Big, all-inclusive hotels in Antigua will usually have an evening schedule, which includes dance nights, performers and games. For those willing to venture outside of their hotel, most of your night time options will be in English Harbour, where you can find several bars and clubs like: Abracadabra, Mainbrace Pub and Shirley Heights Lookout, which doubles as a restaurant and a late night hangout on Sunday evenings. If you don’t mind trying your chances at a Black Jack, you can visit King’s Casino in St.John’s Heritage Quay.
Sports & adventure
Are you interested in any of the following activities: windsurfing, kite surfing, kayaking, diving, snorkeling, zip-lining, golf, cricket, yachting, sailing, fishing, safaris, cycling, horseback riding or off-road driving? If you said yes to any of these, you are in luck – you can do any of them extensively on Antigua. Most of the bigger hotels offer equipment and lessons for many of these activities and there are also several tour operators that do others and leave their leaflets in hotel receptions.

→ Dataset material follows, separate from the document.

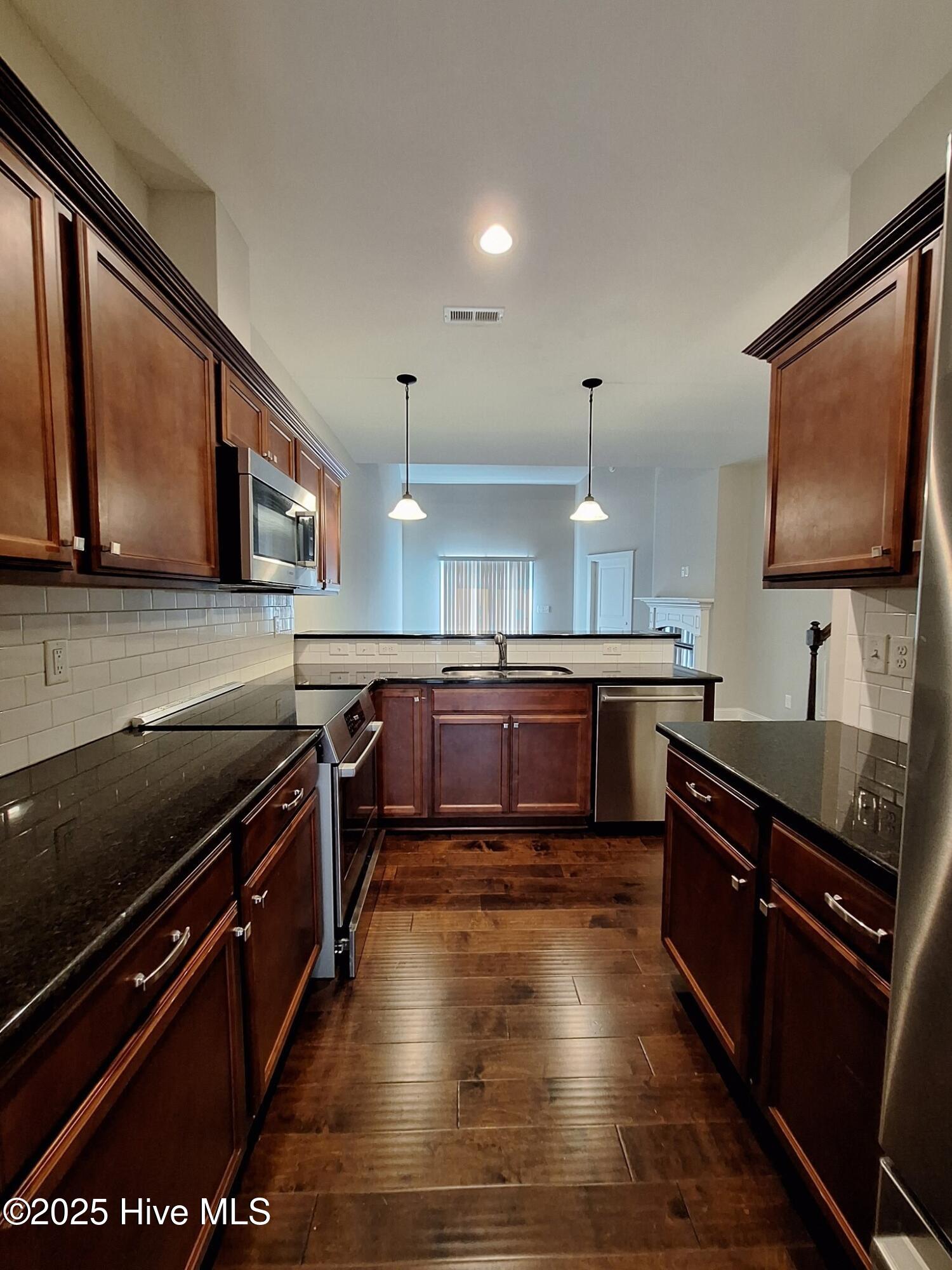 Fox Den Way 1807 Unit 4 (4)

With so many lovely coves surrounding the island, yachting is a popular activity that will allow you to visit secluded inlets and islands and dive into coral reefs and shipwrecks rarely disturbed by human visitors. Antigua’s popularity as a yachting destination is also a reason why every April it hosts the biggest regatta in all of the Caribbean – Antigua Classic Yacht Regatta.
If you are a cricket fun, you would have likely heard of an Antiguan Sir Vivian (“Viv”) Richards, who was a captain of the West Indies team and played often at Antigua Recreation Ground, which is the island’s national stadium. The venue has hosted many test matches and with careful planning you may want to be able to combine your vacation with attendance to one or several matches (just don’t get your spouse upset!).
Safety and security
Antigua and Barbuda are generally safe, but caution is advised. Staying late at night in St. John’s is not advised as crime rates in the city are higher than in other parts of the island and tourists are the preferred targets for thieves. Poverty is visible across the islands and recent hurricanes have made things much worse. Despite their struggles, however, most locals are friendly and will make you feel welcomed!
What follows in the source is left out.